I lent the 448s to a neighbor, who broke them. And by this time I had decided that I wanted IEMs for portability. So, back to Head-Fi, and LFF's reviews convinced me to spend $150 for Fischer DBA-02s. They were the clear kings of the $200 and below price point. I would have had to spend a lot more to get something that was not just different but clearly better. That's what LFF and others said, and after getting them, all I can say is that they were fantastic. One has to be careful comparing IEMs with headphones, but still, the DBA-02s were a clear step above the HD448s.  I loved them until I lost them about six months ago. Then, without hesitating, I bought the Mark II versions, which were a tad more expensive. Anyway, jumping from $100 to $150 to get the Fischers constituted another major leap in quality.
In the mean time, I wanted to go back to cans for office use and bought a set of DT770s, 32Ohms for roughly the same price as the Fischer MKIIs, $170.  Great headphones. It's hard to say they're better than the Fischer IEMs. They're certainly different. More engaging. Better? I guess, yes. Not majorly better. Not like the jump from my $100 HD 448s. 
Now I've been looking to spend $250-300 and then another $100-$150 on an amp.  So, instead of jumping up $50-$70 (the difference between the HD448s and the DT770s), I'll be jumping up $350-450 in price, with the price of the amp included. I expect to move up another level, although I still doubt I'll be moving up as much as I did when I went from the HD448s to the DT770s. More like the incremental step up from the DBA-02s to the DT770s.  More to the point, when I've looked at whatever comes next, it seems that I'd have to spend much greater sums to move much? I've read reviews of the HD800, for example. Better than the HD6xx series? Yes. But they cost $1,000 more. More modestly, the Beyer T1 costs about $750. That's a full $400 more than the HD880s.
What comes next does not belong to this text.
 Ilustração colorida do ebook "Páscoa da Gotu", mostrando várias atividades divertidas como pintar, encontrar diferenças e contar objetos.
So the amount I'll have to spend to get not just different but clearly better will grow, which the difference with respect to improved quality diminishes.  So, roughly $300--the mean price of the DT880s and the HD600 therefore appears in my eyes to be the tipping point beyond which one enters the realm of diminishing returns.  
Sep 21, 2015 at 10:03 AM Post #3 of 4
  Yes, definitely huge diminishing returns after 600/650.  I will throw in some of the cheaper/older Hifimans in there too, like 400i and 500.  I will tgive a recommendation for Oppo PM3 too.
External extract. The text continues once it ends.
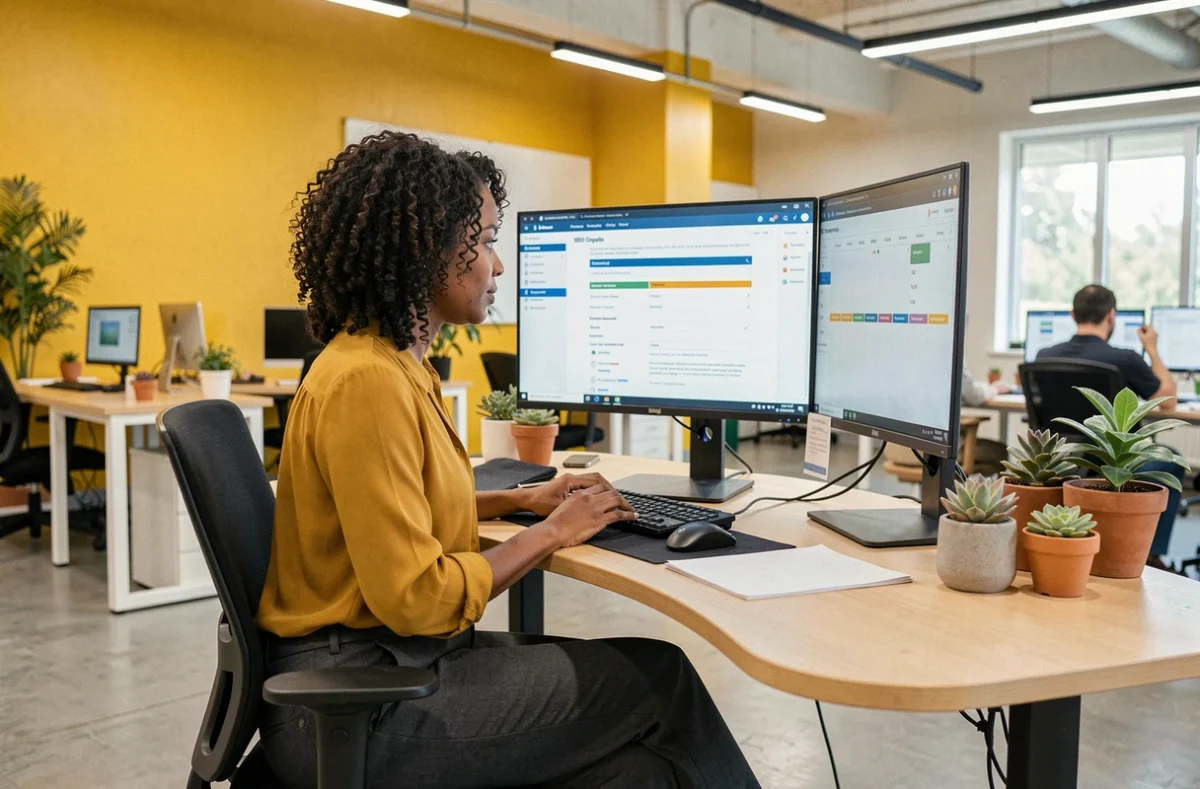 Experte SEO de l'agence Yumens analysant une étude concurrentielle locale sur un grand écran dans un espace de travail lumineux aux accents jaunes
Even the 650, when compared with the cheaper 600, appears to be pushing it with respect to quality/price. Is the 650 better? Some think so; it's certainly different. But it's also another $100, which is why plenty of reviewers end up arguing that the 600 is the better buy unless the idiosyncrasies of the 650 exactly align with one's musical/listening preferences. But either way, beyond the 650 price-wise, that's when I'd argue about diminishing returns.
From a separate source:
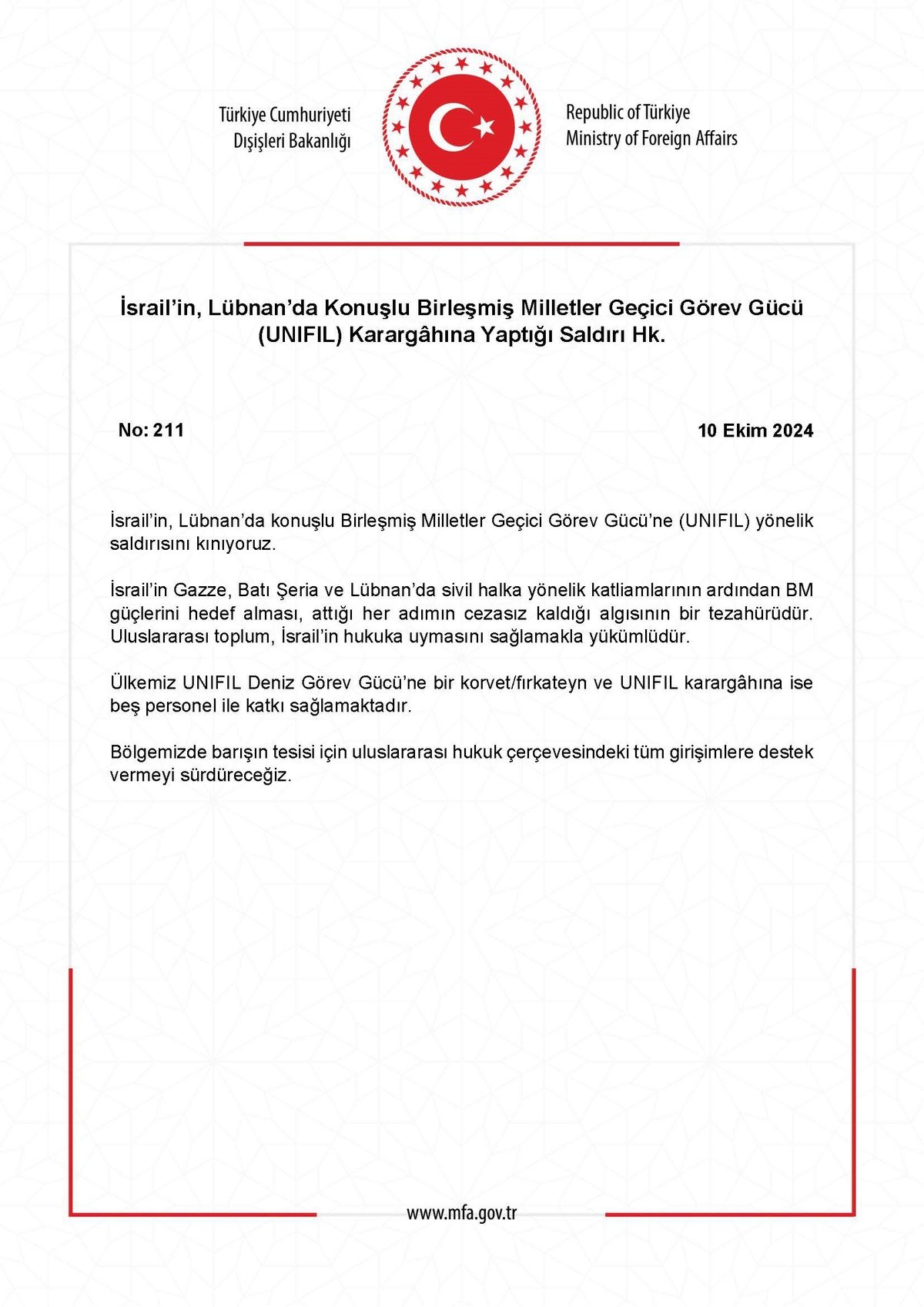 Türkiye\'den İsrail\'e Kınama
Sep 21, 2015 at 10:30 AM Post #4 of 4
I say 650 is just different compared to 600.  Slightly larger soundstage, but in the grand scheme of things it doesn't really matter.  650 has a little more mid-bass while 600 has a little more upper midrange.  The two are basically identical in the big picture.  Take whichever is the cheapest.  Especially sweet if you can get one used-like new for even less.